O combate ao mercado ilícito de bebidas é o caminho mais adequado para solucionar problemas como da adulteração de bebidas por metanol, segundo o presidente-executivo do Sindicerv, Marcio Maciel. E não aumentar a fiscalização do mercado legal. Trata-se de uma questão complexa, para o qual não há “bala de prata”. “Criminoso não está submetido ao Sicobe”, disse o dirigente durante a audiência pública realizada pelas comissões de Saúde e de Finanças e Tributação da Câmara dos Deputados nesta quarta-feira (8).
No encontro, membros das comissões ouviram representantes do governo e da indústria de bebidas para discutir os impactos econômicos, tributários e de saúde pública do mercado ilegal de bebidas. O debate ocorre enquanto são investigados casos de intoxicação por bebidas com metanol, que já resultaram em mortes.
Ao falar do Sicobe (Sistema de Controle de Produção de Bebidas), Maciel se referiu ao antigo sistema da Receita Federal, que funcionou entre 2008 e 2016, e vem sendo sugerido como solução simples para a adulteração de bebidas. O que, para o presidente do Sindicerv, é um equívoco.
O primeiro ponto apontado é que o sistema trabalhava com contagem de produtos para fins fiscais, ou seja, de recolhimento de impostos, e não de rastreamento ou medição da qualidade do produto. E era focado principalmente em bebidas frias, como cerveja, refrigerantes e águas, no qual bebidas destiladas entravam de forma voluntária. Sendo assim, o Sicobe rastreava somente a produção legal, não abrangendo criminosos ou falsificações.
“O que a gente está discutindo aqui é uma discussão criminal contra uma discussão de um mercado legal que segue suas regras”, disse o presidente do Sindicerv.

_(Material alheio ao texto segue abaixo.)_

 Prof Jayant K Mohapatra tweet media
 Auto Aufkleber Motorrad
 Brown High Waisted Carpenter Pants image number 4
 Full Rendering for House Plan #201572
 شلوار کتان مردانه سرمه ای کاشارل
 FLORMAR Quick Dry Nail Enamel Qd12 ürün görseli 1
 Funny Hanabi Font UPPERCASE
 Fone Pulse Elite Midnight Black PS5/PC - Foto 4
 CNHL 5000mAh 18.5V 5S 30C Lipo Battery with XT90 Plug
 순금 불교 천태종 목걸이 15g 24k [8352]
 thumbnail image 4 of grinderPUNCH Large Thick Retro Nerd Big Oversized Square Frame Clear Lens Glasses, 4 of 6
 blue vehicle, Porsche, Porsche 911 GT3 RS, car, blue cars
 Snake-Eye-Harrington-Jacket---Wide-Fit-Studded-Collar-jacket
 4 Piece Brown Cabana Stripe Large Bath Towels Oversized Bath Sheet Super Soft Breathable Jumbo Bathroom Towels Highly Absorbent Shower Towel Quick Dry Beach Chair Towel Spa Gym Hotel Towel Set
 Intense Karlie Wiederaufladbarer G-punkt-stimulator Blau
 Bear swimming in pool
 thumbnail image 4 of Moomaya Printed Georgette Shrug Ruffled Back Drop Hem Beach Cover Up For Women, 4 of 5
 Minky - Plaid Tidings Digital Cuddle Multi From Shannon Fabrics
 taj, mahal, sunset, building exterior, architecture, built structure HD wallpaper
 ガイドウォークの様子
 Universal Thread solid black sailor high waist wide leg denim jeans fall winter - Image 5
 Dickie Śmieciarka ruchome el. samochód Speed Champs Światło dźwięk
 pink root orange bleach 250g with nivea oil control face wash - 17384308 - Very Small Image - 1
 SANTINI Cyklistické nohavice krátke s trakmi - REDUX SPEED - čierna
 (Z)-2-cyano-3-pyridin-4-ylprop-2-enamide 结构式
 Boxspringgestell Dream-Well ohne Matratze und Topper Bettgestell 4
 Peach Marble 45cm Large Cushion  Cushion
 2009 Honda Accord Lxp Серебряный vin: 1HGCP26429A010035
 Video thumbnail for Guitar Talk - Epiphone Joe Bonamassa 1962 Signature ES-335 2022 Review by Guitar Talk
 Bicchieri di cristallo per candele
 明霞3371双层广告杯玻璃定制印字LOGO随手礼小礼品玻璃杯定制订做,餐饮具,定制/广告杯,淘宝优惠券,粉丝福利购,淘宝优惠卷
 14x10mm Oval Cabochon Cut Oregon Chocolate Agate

Desligamento por ineficácia
Maciel também explicou que o desligamento do sistema em 2016 pela Receita federal foi devido a custos não razoáveis, baixa efetividade e denúncias de corrupção, que foram alvo da Operação Vício, da Polícia Federal, envolvendo a empresa que tinha o contrato do Sicobe.
O presidente do Sindicerv também desmente que a arrecadação tenha caído após o fim do sistema. “Isso é uma inverdade. Ela continuou crescendo, acompanhando o crescimento do setor durante os anos”, conta. “O setor de bebidas não ficou um minuto sem ser fiscalizado, tanto pela Receita quanto pelo Ministério da Agricultura, em relação aos seus produtos”, afirma.
Soluções
Para o presidente do Sindicerv, a solução é mais complexa que só um sistema de fiscalização do mercado legal. Trazendo cases de outros países que já tiveram problemas semelhantes com mercado ilegal de bebidas, Maciel sugeriu várias ações como a integração dos sistemas da Receita Federal e do Ministério da Agricultura e Pecuária (MAPA); aumento das penas para esse tipo de crime, bem como da fiscalização; e maior fiscalização do metanol, com rastreamento de origem.
Em relação à comercialização e os pontos de venda, outras ações também poderiam ser eficazes, como o reforço da fiscalização de produtos e distribuidoras; treinamentos para diagnóstico de casos de intoxicação; forças-tarefas policiais atuando em fábricas e destilarias clandestinas; e o descarte adequado de vasilhames com incentivos de políticas públicas.